Die Übertragung der Flächennutzungsplanung auf die Ämter sei insgesamt nicht nur
sachgerecht, sondern auch geboten und gemessen an dem abgeschwächten
verfassungsrechtlichen Aufgabenverteilungsprinzip verfassungslegitim.
Flächennutzungsplanung auf Amtsebene sei in besonderer Weise geeignet, den in § 3
Abs. 2 AmtsO normierten Strukturanforderungen zu genügen. Damit verfolge der
Landesgesetzgeber zugleich das verfassungsrechtlich legitime Ziel einer
Strukturstärkung gerade des ländlichen Raumes und einer Verbesserung der
regionalplanerischen Abstimmung mit benachbarten Gemeinden und Städten.
Es sei das gemeinsame zentrale Anliegen von Landtag und Landesregierung, durch die
Gemeindestruktur- und -gebietsreform die Verwaltungskraft der Gemeinden zu stärken
und die Lebensverhältnisse im gesamten Land möglichst gleichwertig zu gestalten. Dies
könne nur geschehen, wenn amtsfreie Gemeinden und Ämter als gleichwertige
Organisationsformen ausgestaltet seien. Die Übertragung der Bauleitplanung auf die
Ämter sei Teil der notwendigen materiellen Weiterentwicklung des Amtes entsprechend
den Leitlinien der Landesregierung vom 11. Juli 2000.

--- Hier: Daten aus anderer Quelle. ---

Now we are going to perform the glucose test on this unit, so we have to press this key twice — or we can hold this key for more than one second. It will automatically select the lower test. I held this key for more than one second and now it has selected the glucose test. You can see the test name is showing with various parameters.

3. Die Übertragung der Bauleitplanung auf die Ämter entspreche den
verfassungsrechtlichen Anforderungen des Verhältnismäßigkeitsgrundsatzes. Den
Gründen, die die Verlagerung der Trägerschaft für die Flächennutzungsplanung auf die
Ämter rechtfertigten, sei ein höheres Gewicht beizumessen, als - in planerischer Hinsicht
- dem Selbstverwaltungsrecht der einzelnen amtsangehörigen Gemeinde. In die
Abwägung sei einzustellen, dass den Gemeinden die Zuständigkeit zur Aufstellung der
Bebauungspläne verbleibe. Auch bei vorgegebenem Flächennutzungsplan behalte die
Gemeinde ein gewisses Maß an gestalterischer Freiheit. Die Flächennutzungsplanung sei
- im Verhältnis zur Bebauungsplanung - nicht der wesentliche Bestandteil der
Bauleitplanung.
Daneben hätten die amtsangehörigen Gemeinden bei der Gestaltung des
Flächennutzungsplans in ausreichendem Maße Mitwirkungsrechte. Sie seien vor der
Beschlussfassung über den Flächennutzungsplan im Amtsausschuss anzuhören. Ihre
Anregungen seien zu berücksichtigen. "Berücksichtigen" i. S. von § 5 Abs. 4 Satz 3
AmtsO bedeute zwar nicht "maßgeblich berücksichtigen". Der Begriff sei indes
verfassungskonform auszulegen. Dies bedeute, dass örtliche Planvorstellungen für den
planaufstellenden Amtsausschuss bindend seien, wenn und soweit gerechtfertigte und
überwiegende überörtliche Abstimmungsinteressen nicht entgegenstünden. Die
eigenständige Aufgabenwahrnehmung werde im übrigen durch die Partizipation an der
Entscheidung des Amtes ersetzt. Die Beschlusspraxis im Amtsausschuss lasse sich
verfassungskonform ausgestalten. Das Amt habe nur eine dienende Funktion. Es nehme
mit der Flächennutzungsplanung eine Tätigkeit wahr, die Ausfluss der Planungshoheit
der amtsangehörigen Gemeinde sei. Auch nach ihrer gesetzlichen Übertragung auf das
Amt bleibe diese Aufgabe weiterhin in der Gemeinde verankert.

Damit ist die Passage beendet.